* Description of the task *
Repeat the data exactly, leaving out any image.

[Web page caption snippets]
((

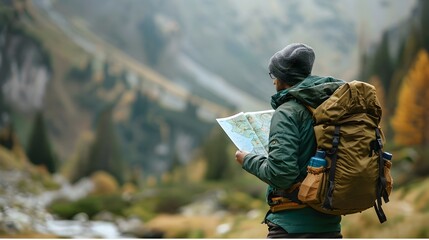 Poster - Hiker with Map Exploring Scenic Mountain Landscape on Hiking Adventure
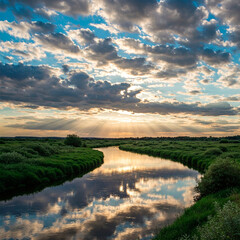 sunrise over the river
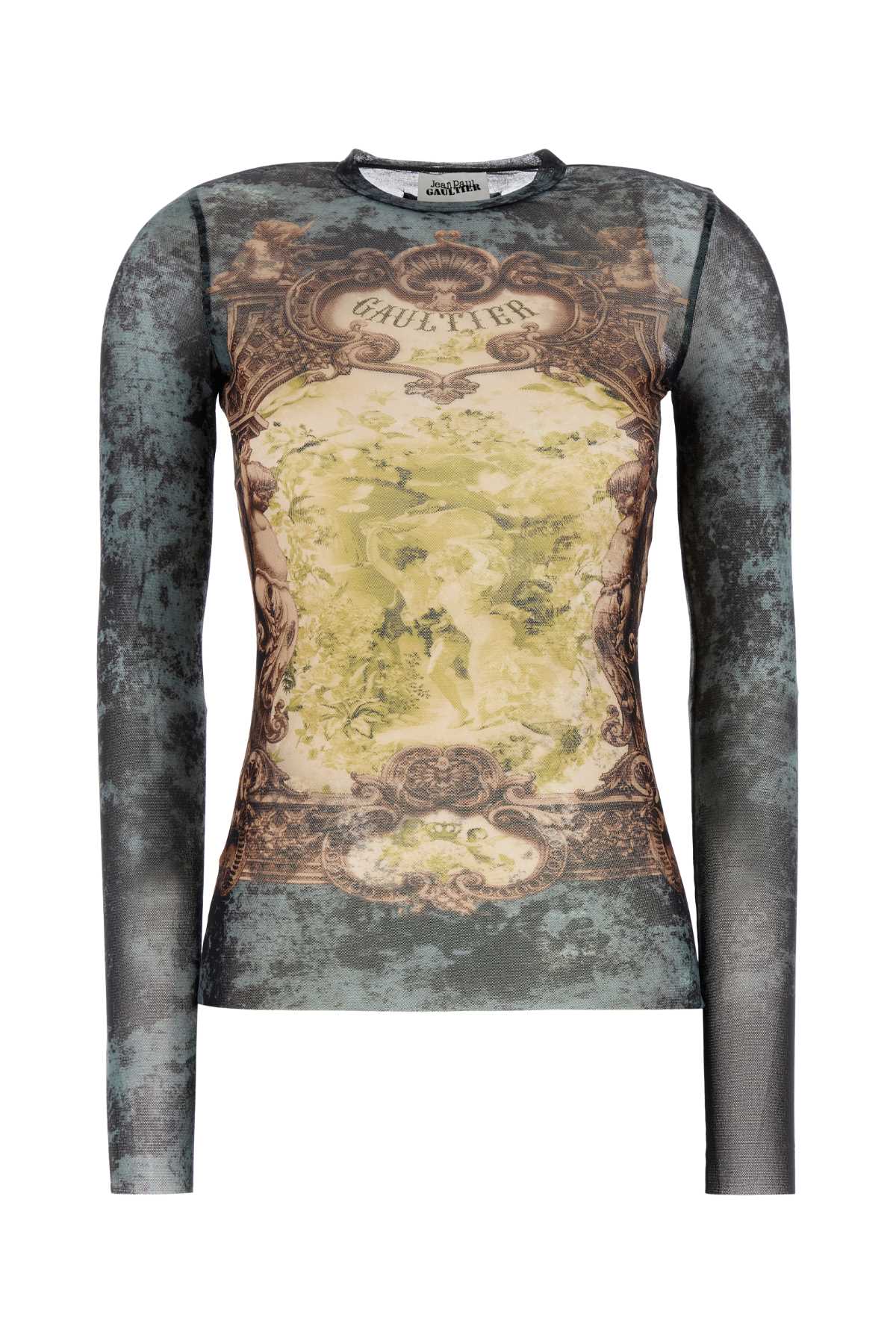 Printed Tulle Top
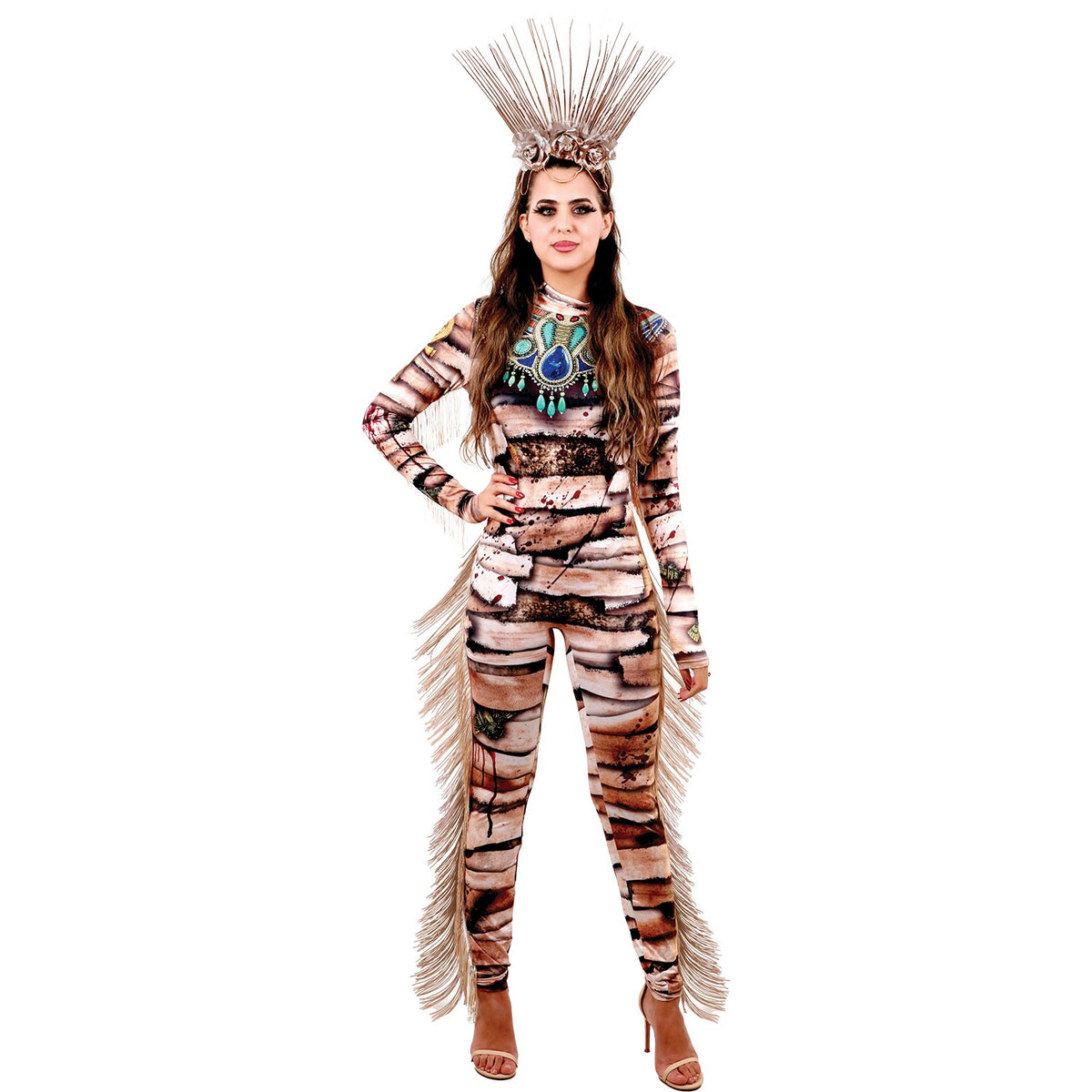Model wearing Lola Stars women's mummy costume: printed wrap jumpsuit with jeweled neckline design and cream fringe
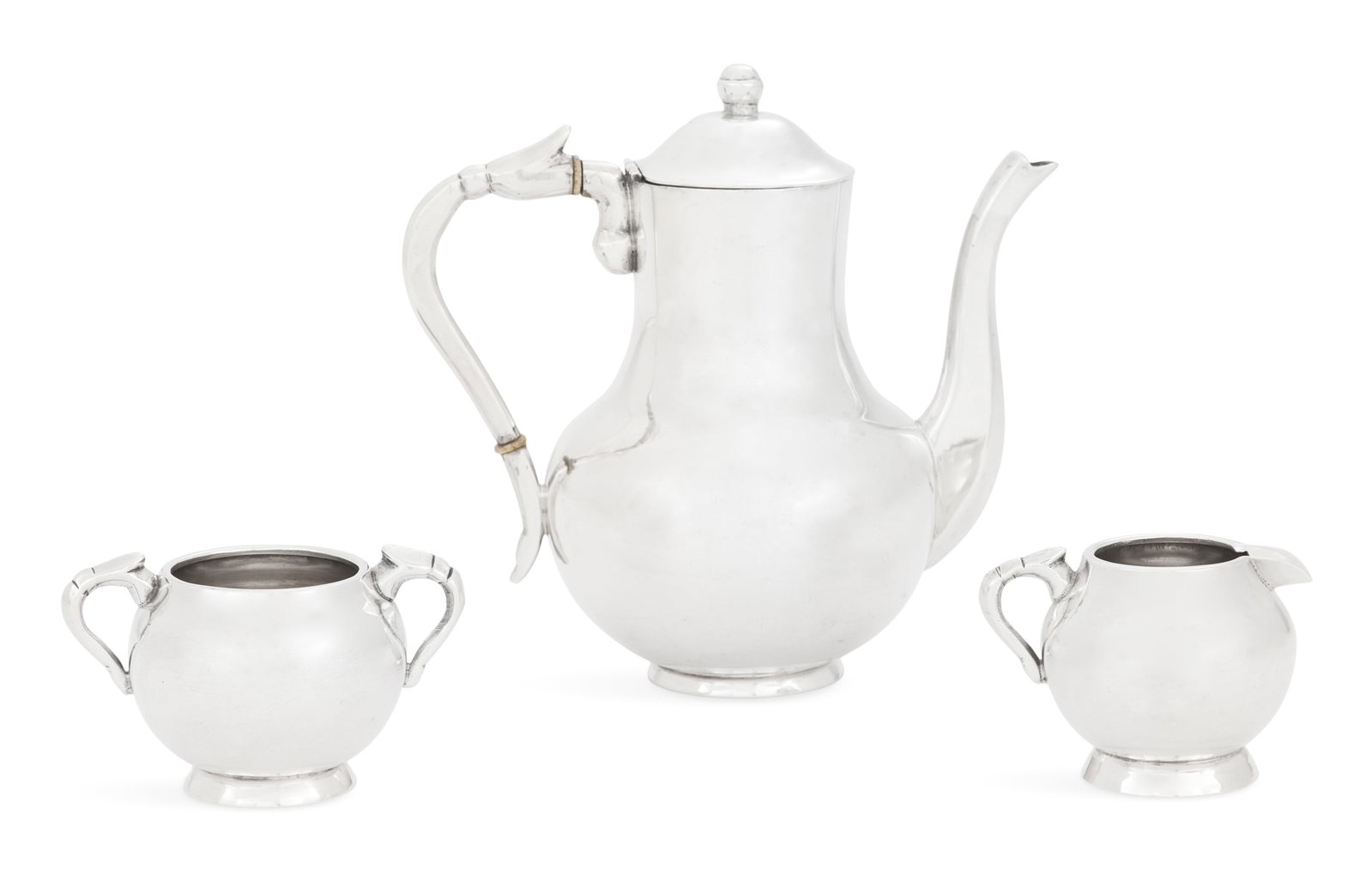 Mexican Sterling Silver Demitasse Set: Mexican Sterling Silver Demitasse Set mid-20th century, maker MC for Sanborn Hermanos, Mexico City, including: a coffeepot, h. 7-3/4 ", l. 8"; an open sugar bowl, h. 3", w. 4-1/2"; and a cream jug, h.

))

* Exercise answer *
 Poster - Hiker with Map Exploring Scenic Mountain Landscape on Hiking Adventure
 sunrise over the river
 Printed Tulle Top
Model wearing Lola Stars women's mummy costume: printed wrap jumpsuit with jeweled neckline design and cream fringe
 Mexican Sterling Silver Demitasse Set: Mexican Sterling Silver Demitasse Set mid-20th century, maker MC for Sanborn Hermanos, Mexico City, including: a coffeepot, h. 7-3/4 ", l. 8"; an open sugar bowl, h. 3", w. 4-1/2"; and a cream jug, h.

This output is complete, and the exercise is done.